会期中の最後の週末ということもあり、美術館の前には長蛇の列が。
会場内は家族連れはもちろん、赤ちゃんからお年寄りまで、幅広い層の閲覧客で賑わっていました。
▲ステージに上がると、子どもが蝶々になれる撮影スポット。娘はあと少し、届きませんでした
作者エリック・カールは、6〜16歳までをナチス政権下のドイツで過ごしたそう。
戦時中は空爆を回避するため、街じゅうの建物が地味な色に塗られ、窓の外には灰色の景色が広がっていたのだとか。
色とりどりの原画からは、想像もつかない生い立ちを知り、とても驚きました。
そんな辛い幼少期の体験から、絵本では愛に溢れた、やさしく、批判的でない世界観を表現しているといいます。
来日時のインタビューでは「子どもたちが経験するであろう恐怖や不安、難関を、楽しく乗り越えられるような絵本をつくりたい」というような想いを語っていました。
また、「はらぺこあおむし」を世に出す際、当時拠点を置いていたアメリカの印刷会社では、ページごとに規格を変えたり、ページに穴をあけるような、意図したデザインを具現化する技術がなかったそう。
そのため製本技術があった日本でたまたま初版本が製作されることになり、彼の作品は日本で広く愛されることになりました。
▲はらぺこなあおむしが、果物を食べて穴があいたページがいくつか出てくる本編
娘を虜にした絵本が完成するまでのストーリーを知って、私もこの作品のことがとても好きになりました。
それと同時に、幼い頃の体験や記憶がはぐくむ感性や価値観について、改めて考えるきっかけにもなったのです。
2歳を過ぎて、一気に言葉や感情が豊かになってきているわが子に、これからどんな世界を見せてあげたらいいのだろう。

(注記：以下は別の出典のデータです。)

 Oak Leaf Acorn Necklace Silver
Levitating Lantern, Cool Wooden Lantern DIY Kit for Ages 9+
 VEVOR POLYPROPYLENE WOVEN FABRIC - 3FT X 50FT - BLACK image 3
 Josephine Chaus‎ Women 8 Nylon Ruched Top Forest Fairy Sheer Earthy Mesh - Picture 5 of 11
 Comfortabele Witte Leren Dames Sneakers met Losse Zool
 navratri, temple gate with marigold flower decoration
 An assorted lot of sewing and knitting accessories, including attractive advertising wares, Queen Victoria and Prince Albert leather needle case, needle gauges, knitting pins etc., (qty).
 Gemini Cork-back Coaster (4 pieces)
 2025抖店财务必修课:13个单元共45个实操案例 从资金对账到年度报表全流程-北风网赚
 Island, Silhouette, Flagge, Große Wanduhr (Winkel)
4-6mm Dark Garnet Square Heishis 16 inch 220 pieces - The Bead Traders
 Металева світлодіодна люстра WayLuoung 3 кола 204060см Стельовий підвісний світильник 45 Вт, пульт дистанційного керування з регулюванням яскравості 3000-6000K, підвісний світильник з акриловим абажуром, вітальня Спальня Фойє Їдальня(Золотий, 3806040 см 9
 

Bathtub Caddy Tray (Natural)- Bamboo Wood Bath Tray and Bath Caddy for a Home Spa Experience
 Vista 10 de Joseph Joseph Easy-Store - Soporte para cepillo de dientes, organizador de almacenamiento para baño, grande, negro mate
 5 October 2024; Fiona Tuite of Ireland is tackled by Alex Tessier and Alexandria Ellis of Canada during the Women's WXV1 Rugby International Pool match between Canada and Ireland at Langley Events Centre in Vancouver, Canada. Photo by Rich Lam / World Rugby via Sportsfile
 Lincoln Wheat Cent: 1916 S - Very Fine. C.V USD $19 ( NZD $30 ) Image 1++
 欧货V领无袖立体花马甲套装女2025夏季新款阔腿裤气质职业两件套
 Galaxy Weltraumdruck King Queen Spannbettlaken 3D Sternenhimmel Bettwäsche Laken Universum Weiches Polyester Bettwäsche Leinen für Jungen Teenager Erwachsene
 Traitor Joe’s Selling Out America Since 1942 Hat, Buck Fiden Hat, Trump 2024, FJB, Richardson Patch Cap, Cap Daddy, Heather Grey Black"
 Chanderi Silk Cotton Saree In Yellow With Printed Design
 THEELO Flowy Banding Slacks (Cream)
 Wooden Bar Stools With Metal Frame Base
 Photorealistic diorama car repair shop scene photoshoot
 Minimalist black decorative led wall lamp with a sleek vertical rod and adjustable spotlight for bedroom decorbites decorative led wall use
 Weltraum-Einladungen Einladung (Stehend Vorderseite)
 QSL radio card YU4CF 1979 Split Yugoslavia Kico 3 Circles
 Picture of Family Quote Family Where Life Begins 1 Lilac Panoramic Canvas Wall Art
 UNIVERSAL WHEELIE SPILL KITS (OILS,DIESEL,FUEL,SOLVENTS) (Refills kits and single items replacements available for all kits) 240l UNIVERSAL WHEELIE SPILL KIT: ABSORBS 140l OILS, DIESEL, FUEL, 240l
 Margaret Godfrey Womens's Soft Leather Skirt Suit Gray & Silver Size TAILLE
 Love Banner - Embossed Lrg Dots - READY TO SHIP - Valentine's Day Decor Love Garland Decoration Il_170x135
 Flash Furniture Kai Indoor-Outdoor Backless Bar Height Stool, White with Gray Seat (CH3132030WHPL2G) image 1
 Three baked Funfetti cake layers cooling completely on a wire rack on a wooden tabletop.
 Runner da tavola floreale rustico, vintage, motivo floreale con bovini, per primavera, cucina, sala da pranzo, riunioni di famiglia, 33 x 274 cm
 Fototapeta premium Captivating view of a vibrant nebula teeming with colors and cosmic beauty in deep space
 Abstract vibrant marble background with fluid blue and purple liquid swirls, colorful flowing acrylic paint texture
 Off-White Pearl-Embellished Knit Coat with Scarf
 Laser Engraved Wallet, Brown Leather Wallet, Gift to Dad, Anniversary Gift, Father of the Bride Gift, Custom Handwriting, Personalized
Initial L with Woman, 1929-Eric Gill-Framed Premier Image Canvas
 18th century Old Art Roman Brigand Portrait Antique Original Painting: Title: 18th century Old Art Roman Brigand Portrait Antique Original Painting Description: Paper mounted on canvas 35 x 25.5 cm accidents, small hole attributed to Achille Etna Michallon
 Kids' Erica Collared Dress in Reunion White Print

▲気づかないうちに大きく成長した足。赤ちゃんの頃とは、ほど遠い逞しさを感じます
どんなものを好み、何に興味を惹かれるかを、親が操作することはできません。
ただなるべく多くの機会をつくって、いろんな色の世界を見せてあげたい。
出来ることなら、あまり重荷に感じないように、軽やかに導いてあげたい(あまり自信はありません)。
▲私が買い集めた絵本は、どれも響きませんでした。もう少し大きくなったら見てもらえるでしょうか……
そんな親の不安をよそに、確実に子どもの個性は形成されているような気もします。
教えていようといまいと、好きなものは自分で見つけてくるし、欲しいものは決して手から離しません。
自分の想いがどこまで実を結ぶかは見当もつかないけれど、伝えることは辞めずにいようと思います。